Permasalahan tersebut semakin mengemuka manakala pelaksanaan UU No. 4 tahun 2009 diimplementasikan di daerah. Sejumlah hal mengindikasikan hubungan yang tidak harmonis dalam pengelolaan kegiatan pertambangan antara pemerintah pusat dengan pemerintah daerah. Pemerintah daerah tidak menyampaikan kewajiban pelaporannya kepada pemerintah pusat. Setiap pemberi izin (pusat
3
untuk KK/PKP2B dan Daerah untuk IUP) masing-masing bermain dalam lingkup pengawasannya saja tanpa adanya koordinasi yang baik dalam setiap kegiatan pengawasan, serta aliran data dan informasi antara pemerintah pusat dan pemerintah daerah tidak terjadi secara sistematis dan transparan.
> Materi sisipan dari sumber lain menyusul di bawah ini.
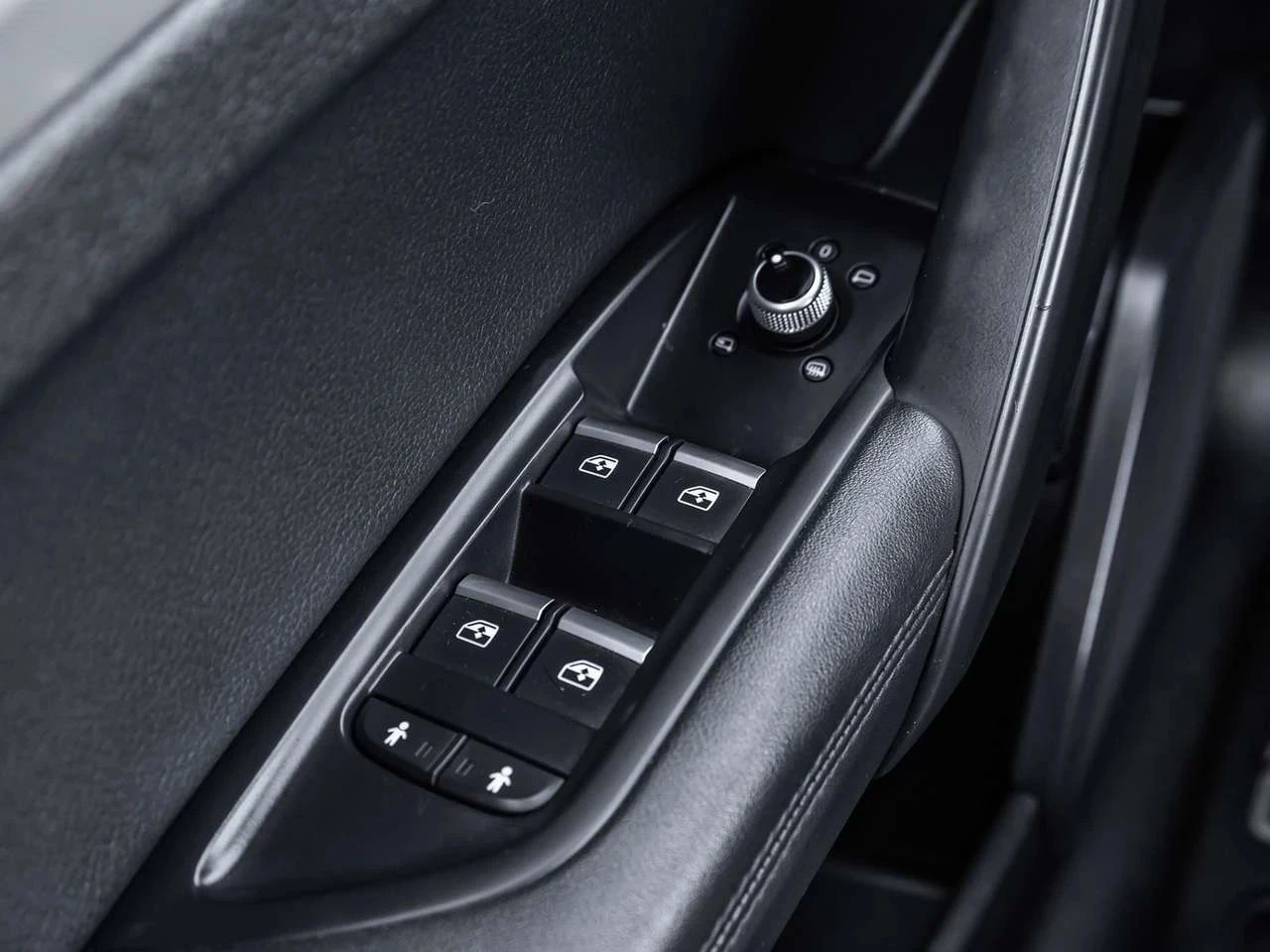 Audi Q5, снимка 15 - Автомобили и джипове - 56685384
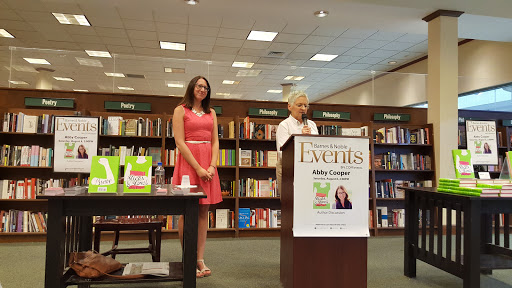 Shopping Mall «HarMar Mall», reviews and photos, 2100 Snelling Ave N, Roseville, MN 55113, USA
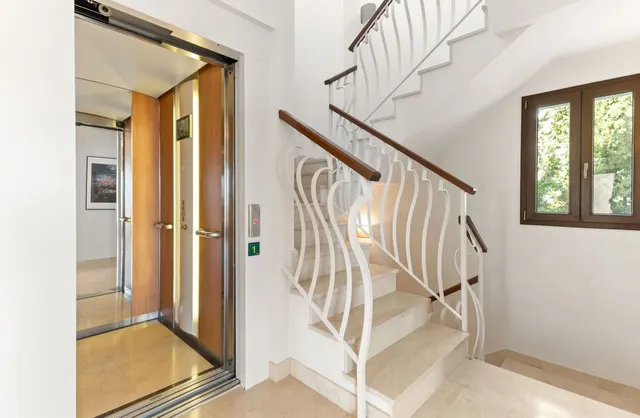 Chalet 5 habitaciones 336m² en venta - Costa del Sol — 24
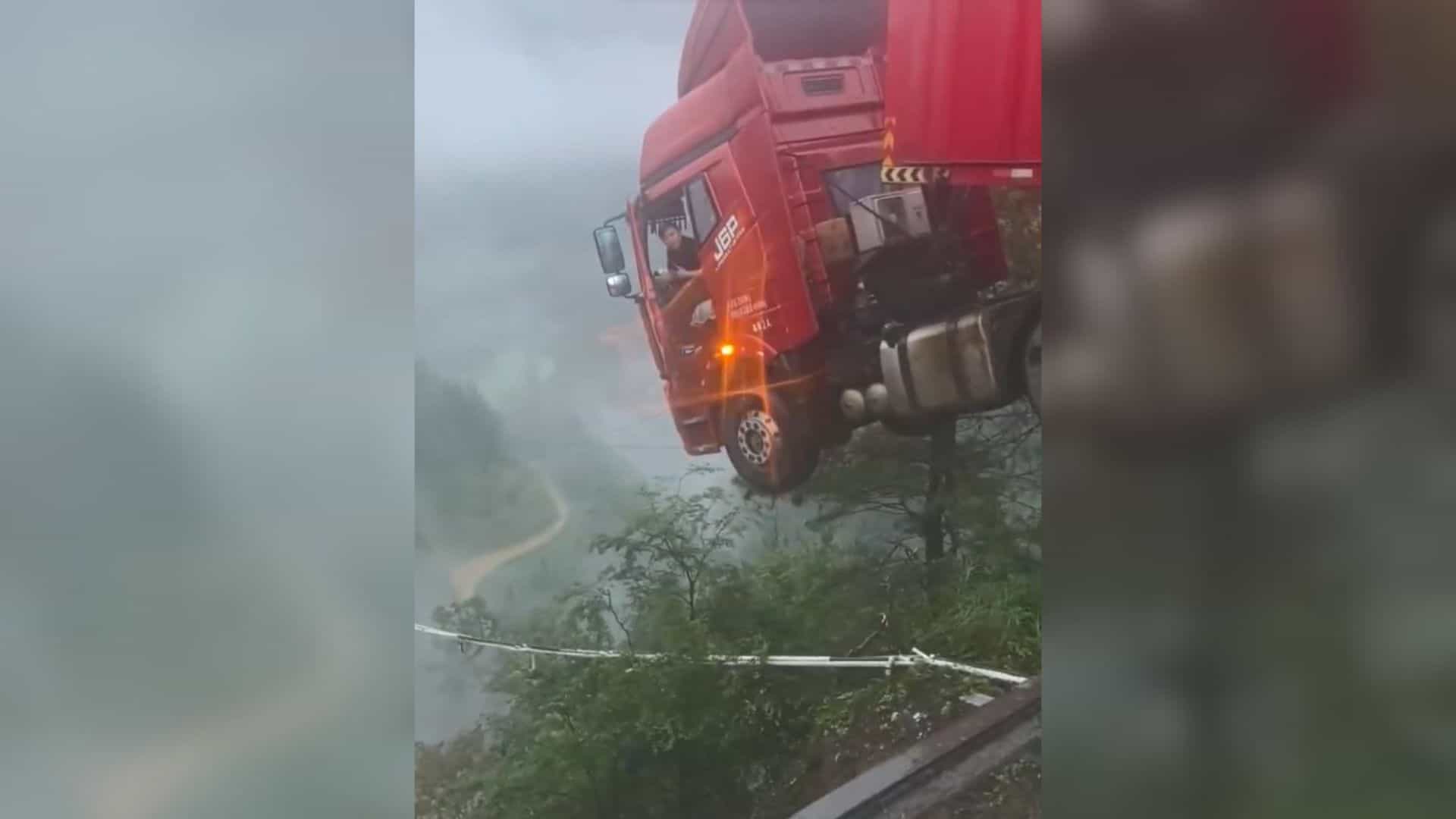 Camión queda colgando de puente colapsado en China tras lluvias intensas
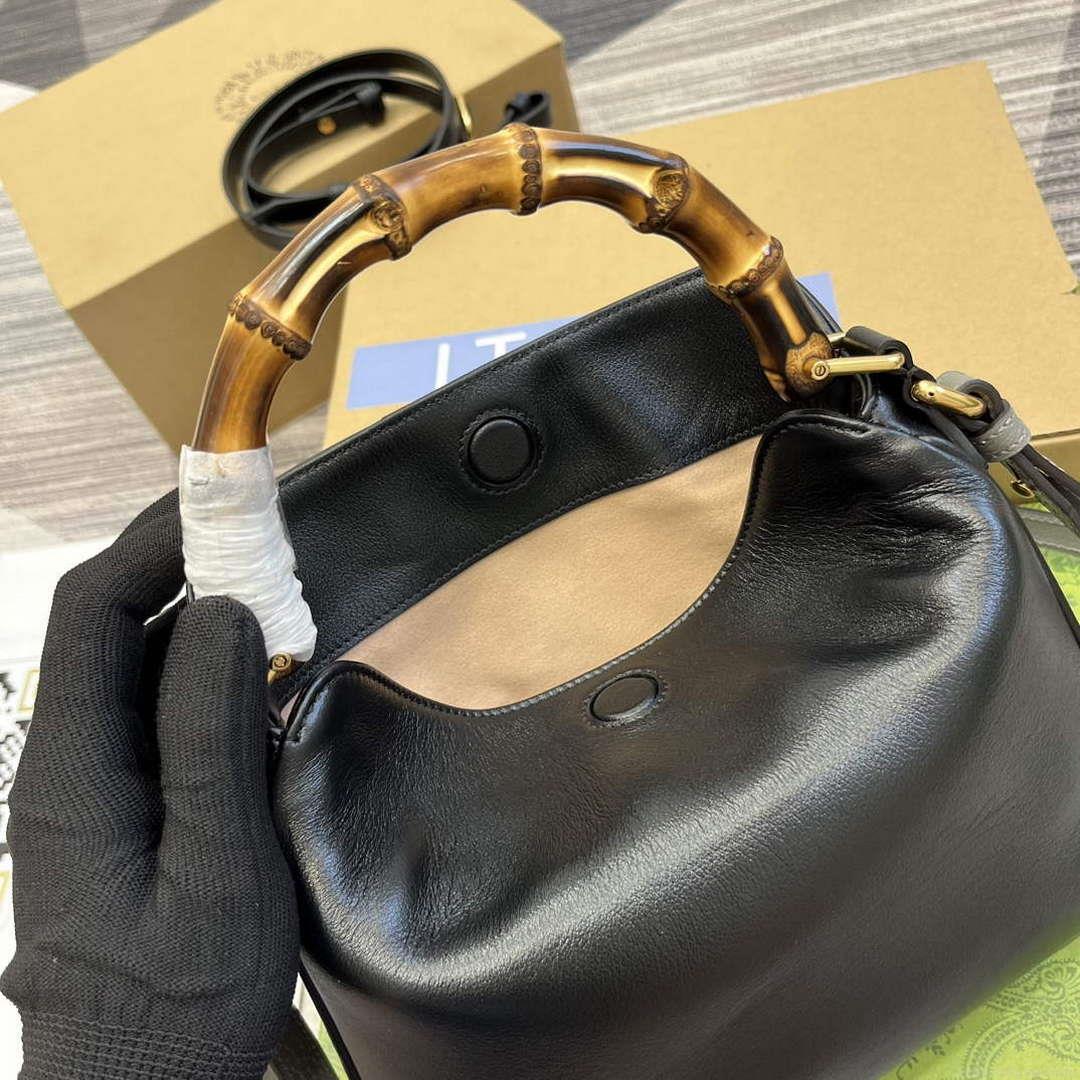 Gucci 746251 Gucci Diana Small Shoulder Bag Black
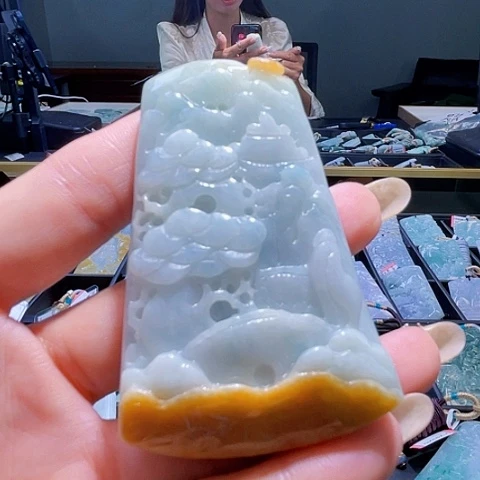 颈饰未镶嵌翡翠一个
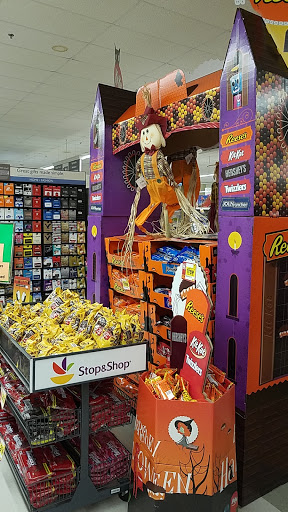 Grocery Store «Stop & Shop», reviews and photos, 40 Franklin Village Drive, Franklin, MA 02038, USA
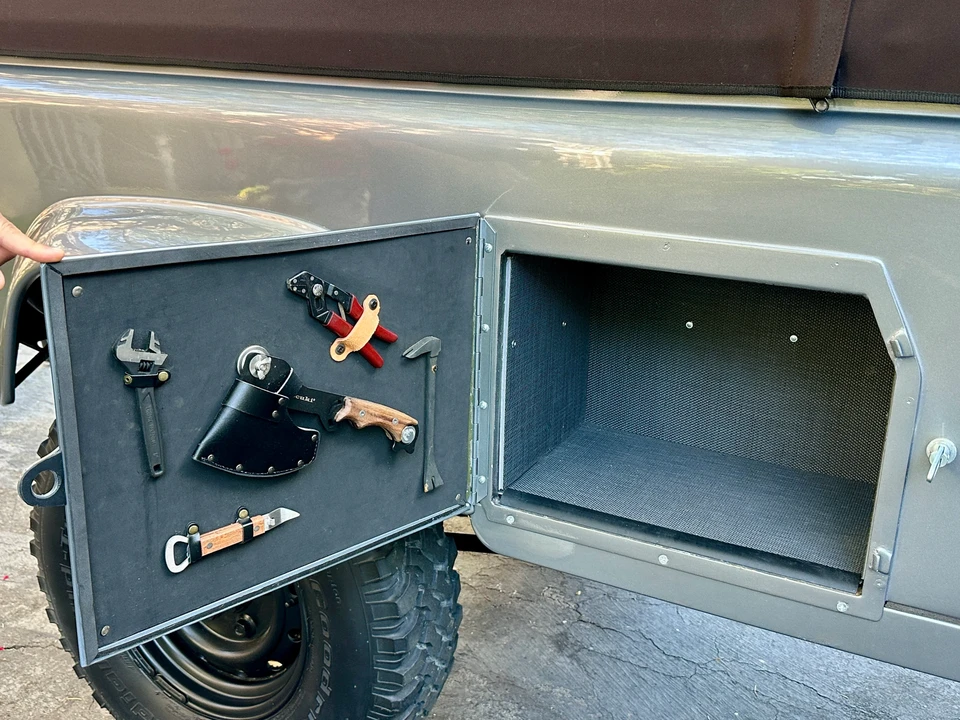 1986 Land Rover Defender 110 - Image 24 of 31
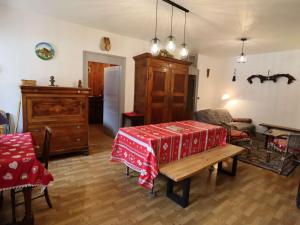 Appartement cosy 6 pers. avec balcon au village, proche parking et local à skis - FR-1-342-291
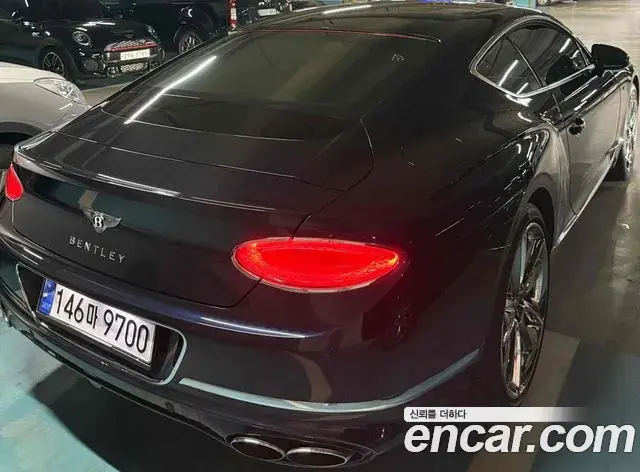 Bentley Continental GT 2020 — Photo 8/14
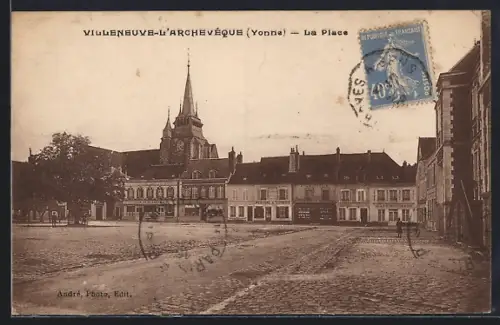 AK Villeneuve-l`Archevêque /Yonne, La Place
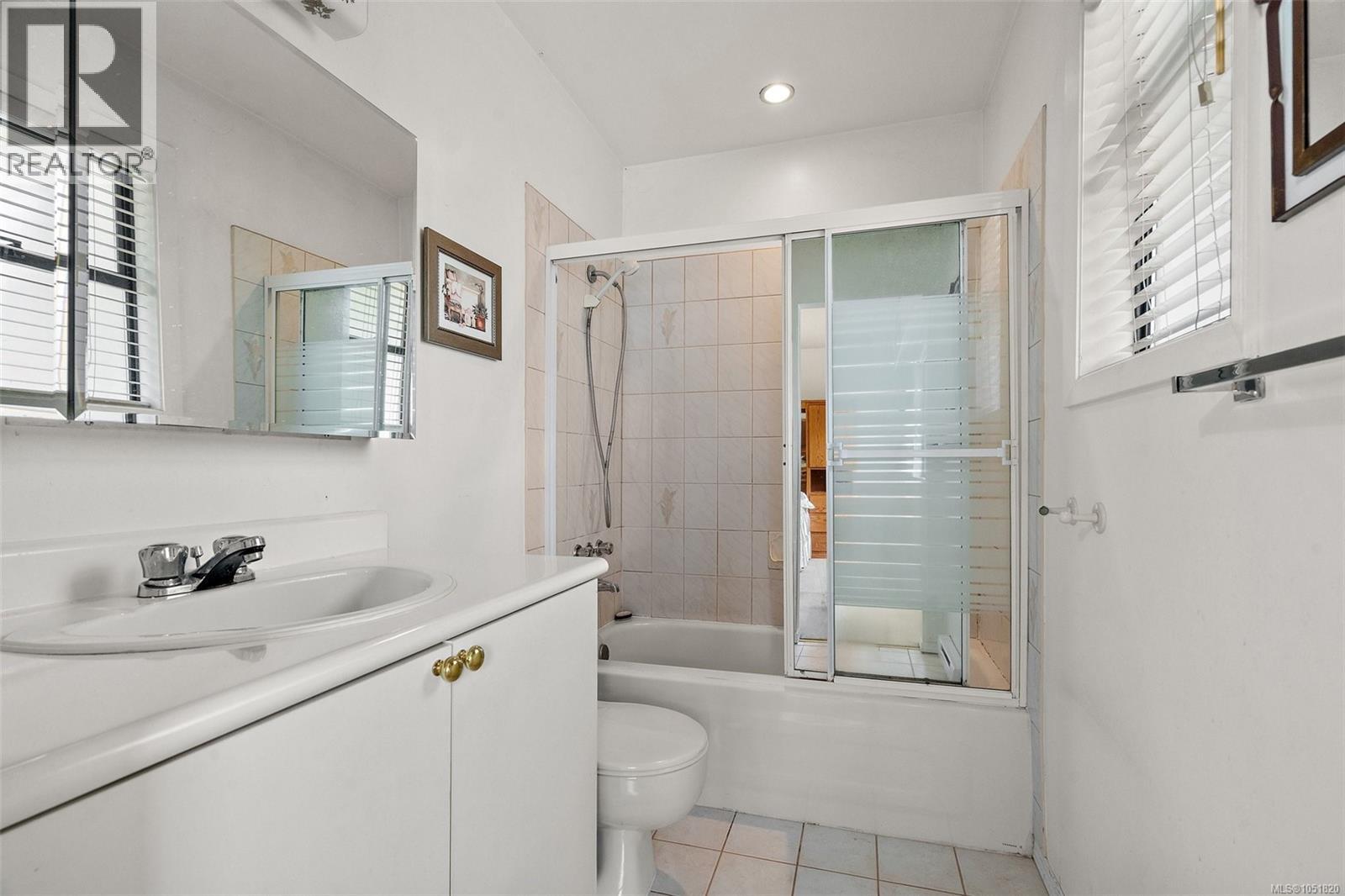 4086 Quadra St - 36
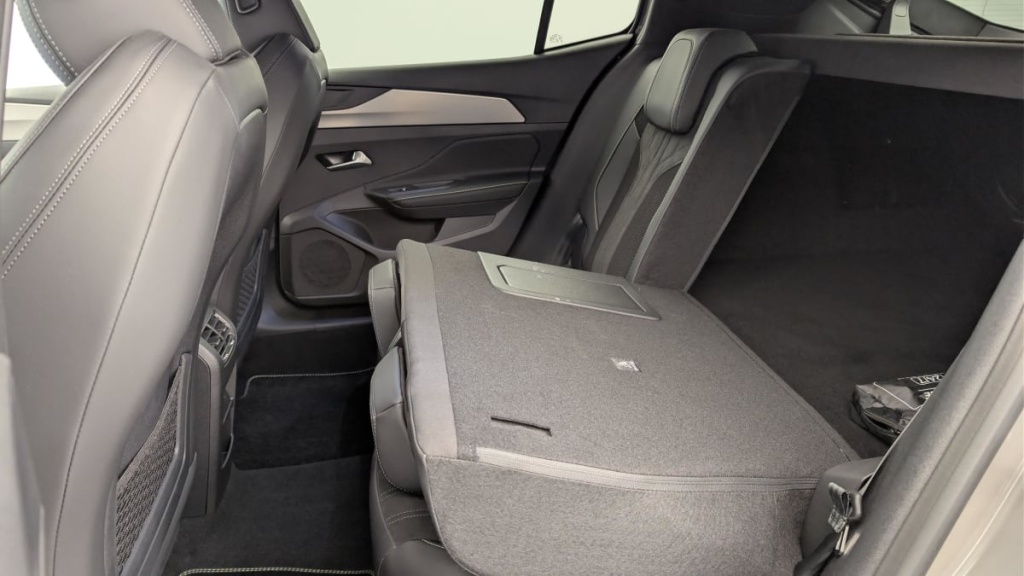 PEUGEOT 408 Hybrid 145 e-DCS6 GT - ref: 1-361113 - Photo 12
Dampak dari tidak terlaksananya peran pemerintah dalam mengimplementasikan peraturan perundang-undangan terkait dengan pertambangan mineral dan batubara, sangat berpotensi untuk menjadi peluang terjadinya tindak pidana korupsi yang pada akhirnya merugikan negara dan perekonomian nasional.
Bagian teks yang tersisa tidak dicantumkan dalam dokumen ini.